Few education policy battles have burned as hot as debate over the practice of requiring traditional public schools to share under-used space with charter schools. Co-location, as the practice is called, is often cited as damaging to students in mainline district schools.
But groundbreaking new research from Temple University assistant professor Sarah Cordes finds that at least in New York City, the arrival of a charter school has a positive effect on students in the traditional school already located in the building.
The first peer-reviewed research released on co-location, the study looked at nearly 900,000 students in grades 3–5 who attended a traditional public school in an attendance zone that included a charter school serving at least one of those grades between 1996 and 2010. Many of the schools studied shared a building with a charter school, something that’s common in cities where real estate is at a premium.
Other researchers have asked preliminary questions such as whether co-location facilitates the sharing of innovations birthed in successful charter schools, but Cordes says her research shows that just the existence of an option sparks change.
“Just the presence of an alternative does it,” Cordes told The 74 in a far-ranging interview. “It doesn’t really matter how great that alternative is — it’s just the fact that that alternative is there, it’s in the building, and people see it every day.”
(The 74 Flashcards: 13 Things to Know About Charter Schools)

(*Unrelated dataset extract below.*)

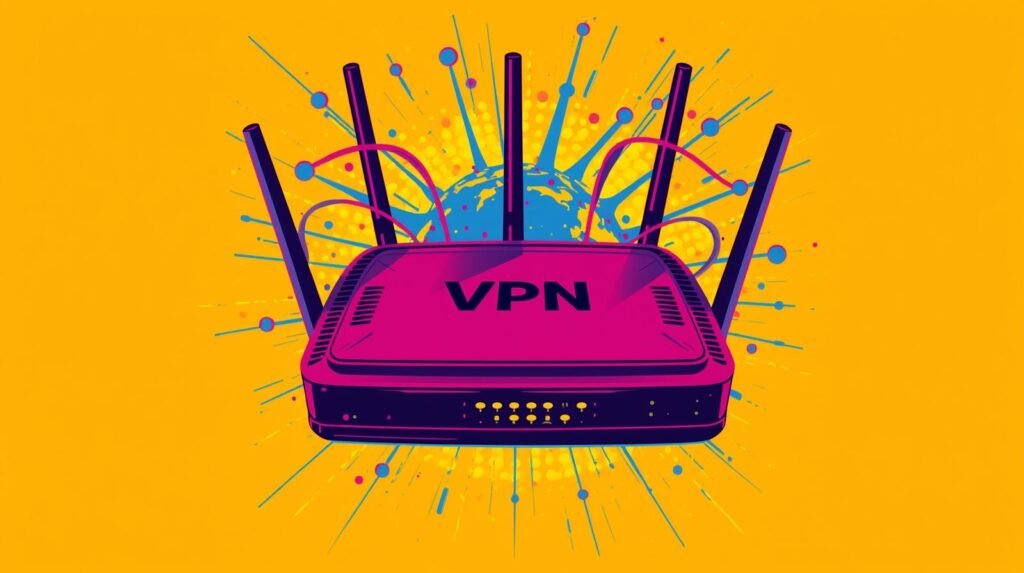 NordVPN Router Setup: 7 Easy Bulletproof Steps for Security 🛡️👻 3 Stylized pink-purple router with VPN, signaling connectivity and security on a yellow background.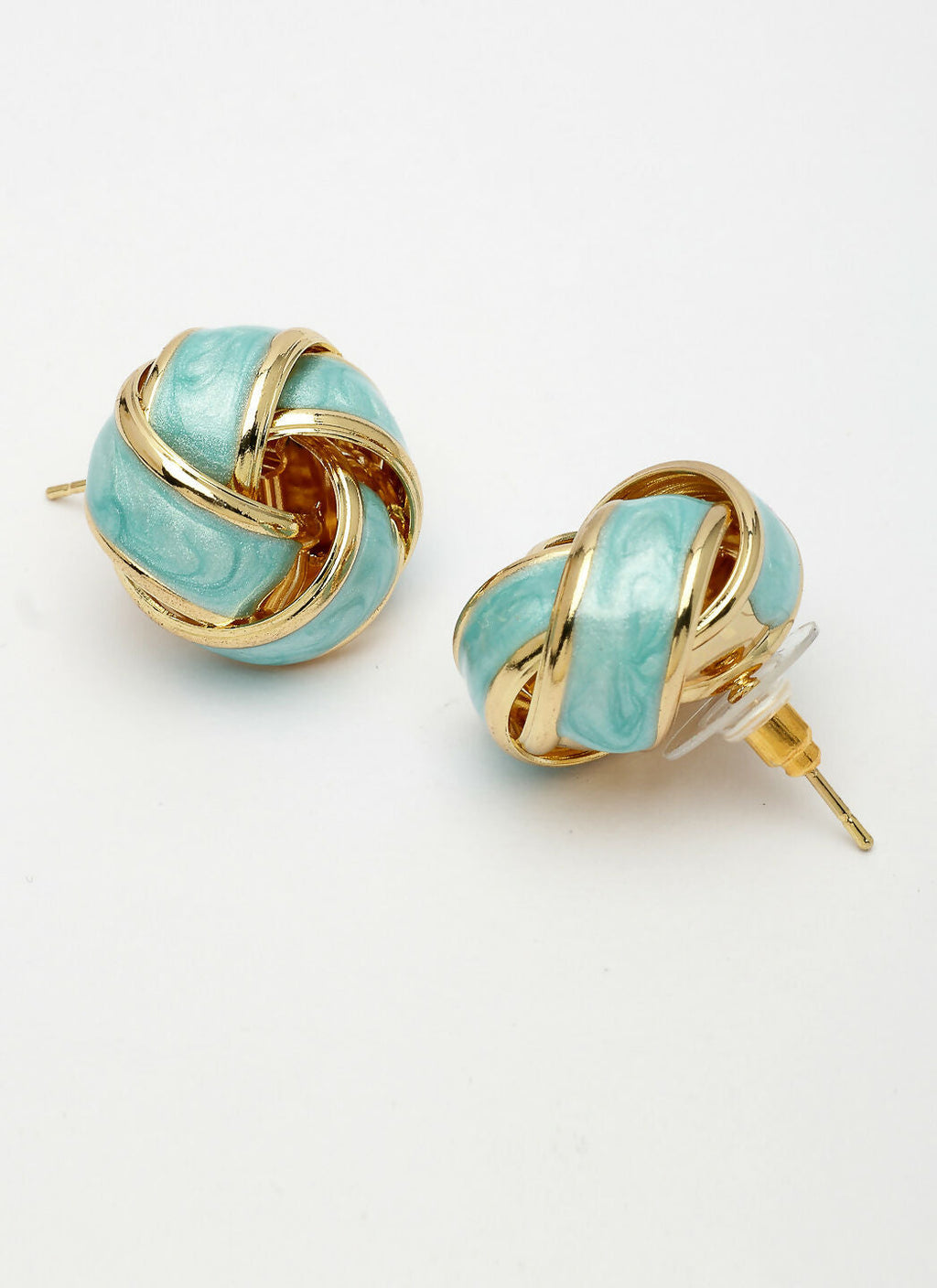 NVR Women's Turquoise Blue Floral Shape Stud Earrings | Grocsy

Seven notable findings from Cordes’s research, about how charters are affecting nearby mainline district schools:
1. Location, location, location: The closer the charter, the bigger the academic boost
Some 75 percent of kids attend school within a mile of their home. And New York City charter schools must give preference to students living within their attendance zone. The closer a charter school is, the more pressure its opening creates.
A co-located school is constantly visible, notes Cordes: “The closer the school is, the more it’s on the minds of the people in the building.”
The closer a charter school is to a traditional public school, the stronger its positive impact. Students attending traditional public schools in buildings that also house a charter school perform 0.083 standard deviations — a statistical measure that allows researchers to make apples-to-apples comparisons — better in math and 0.059 standard deviations better in reading. Students in traditional schools located up to half a mile from the nearest charter school perform 0.021 standard deviations higher in math and 0.020 higher in reading.
To put that in perspective, research on class size indicates that being in a small class increases test scores by as much as 0.2 standard deviations. The co-location study suggests that being close to a charter school increases student performance between 1/10 to 2/5 as much as being in a small class.
2. When a traditional public school shares a building with a charter, more of its students advance to the next grade
The study found small upticks in student attendance at traditional schools as well as a 20 percent to 40 percent drop in the number of students held back for not performing at grade level. Students in traditional public schools that share buildings with charters are half as likely to be retained — not advanced to the next grade — as those in traditional schools located farther from a charter.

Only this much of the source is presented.